Using advanced computer vision and machine learning techniques, this approach will lay the foundation for tracking and traceability from ocean to plate. Individual identification is the fundamental first step in capturing and linking important metadata, such as catch region, size, and condition, which will contribute to product transparency and authenticity throughout the supply chain. Such a system has the potential to provide valuable data for monitoring transport conditions and addressing issues that impact product quality.
Developing a traceability system would offer opportunities for data-driven insights that could help optimise the supply chain. Analysing data generated when lobsters are scanned at key points in transit would help validate supply chain models, ensuring that lobsters are following expected paths and revealing any deviations or undocumented steps.
This capability could help safeguard against product loss or unauthorised reselling while providing new market insights and opportunities by offering visibility into where lobsters are sold after reaching their initial destination.
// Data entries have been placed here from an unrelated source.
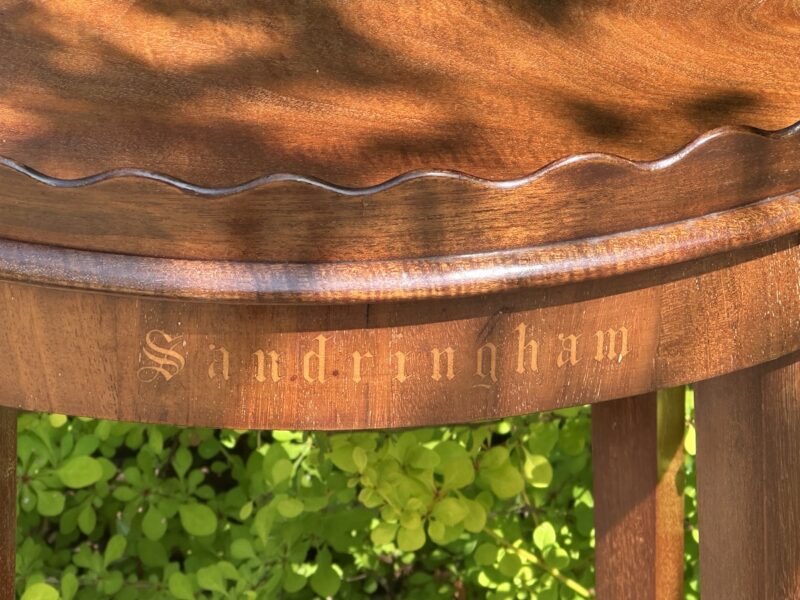 Georgian 'Royal' Oval Urn Stand / Wine Table - Image 2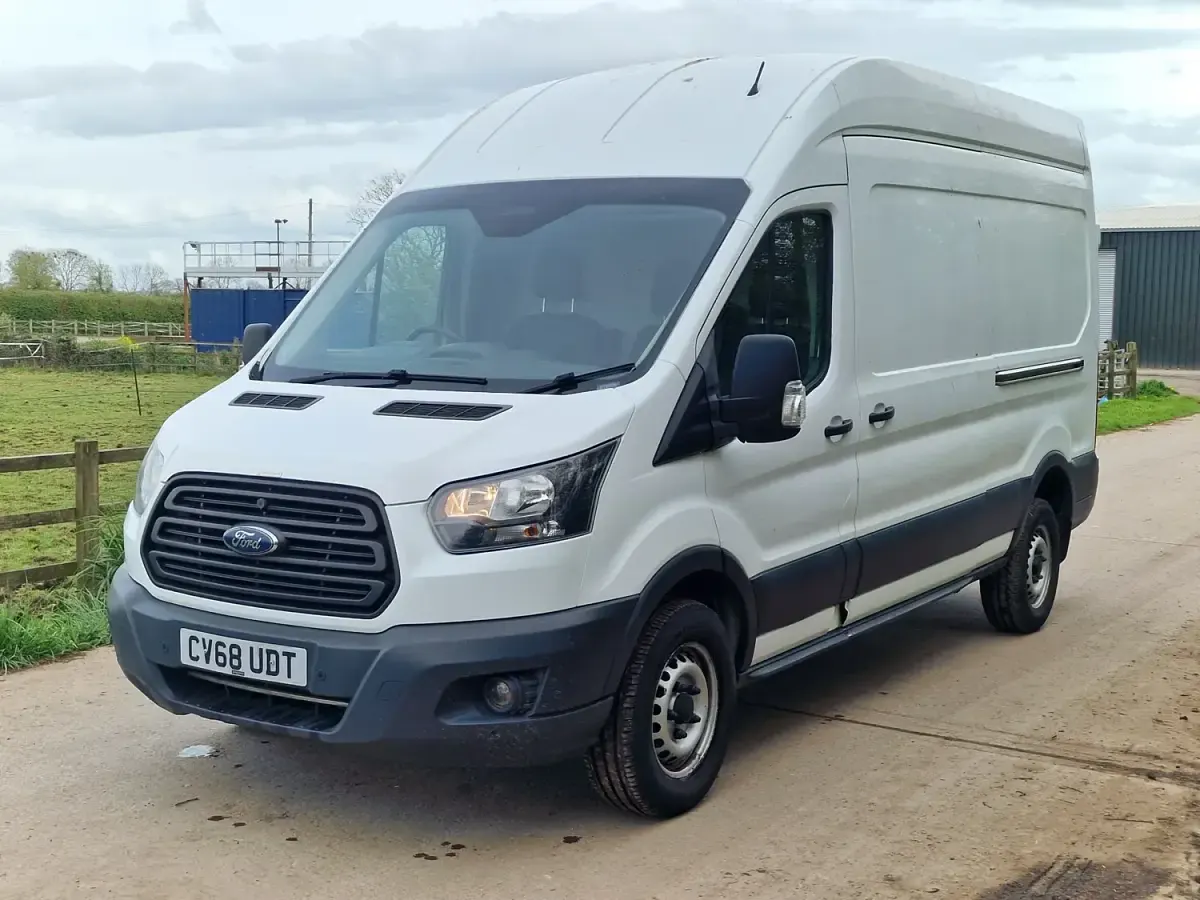 Używany Ford Transit 130 KM (95 kW) 2018 Biały Van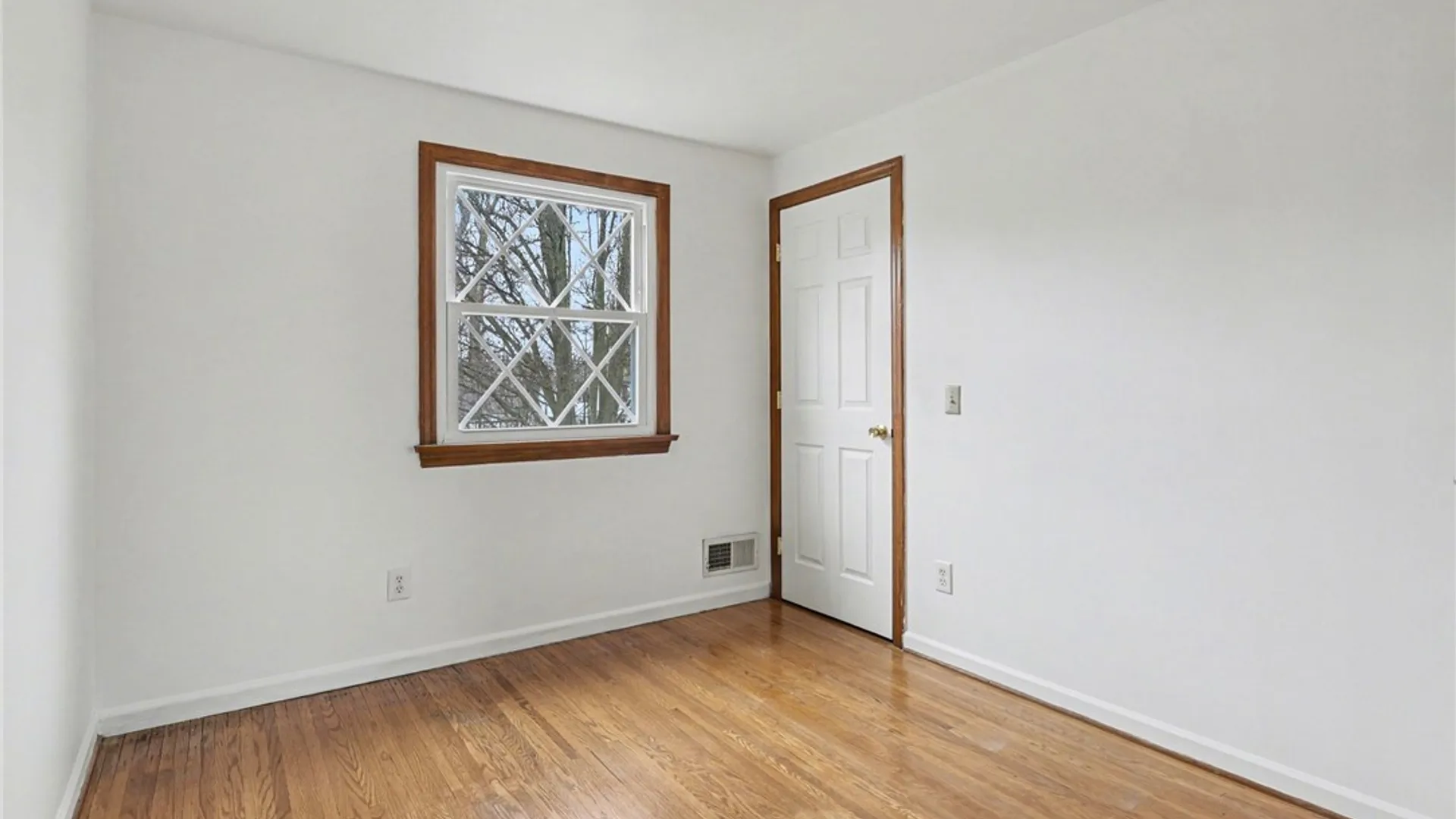 Property at 45 Kings Gate, Irondequoit, NY 14617 16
The need for such a system is underscored by the critical issue of seafood fraud and mislabelling, which costs the Australian seafood industry an estimated AUD 189 million annually.
Establishing the provenance of each individual lobster will result in the system will enhancing visibility throughout the supply chain, protecting legitimate exporters, and fostering consumer trust, ultimately safeguarding Australia’s reputation in key export markets, such as China.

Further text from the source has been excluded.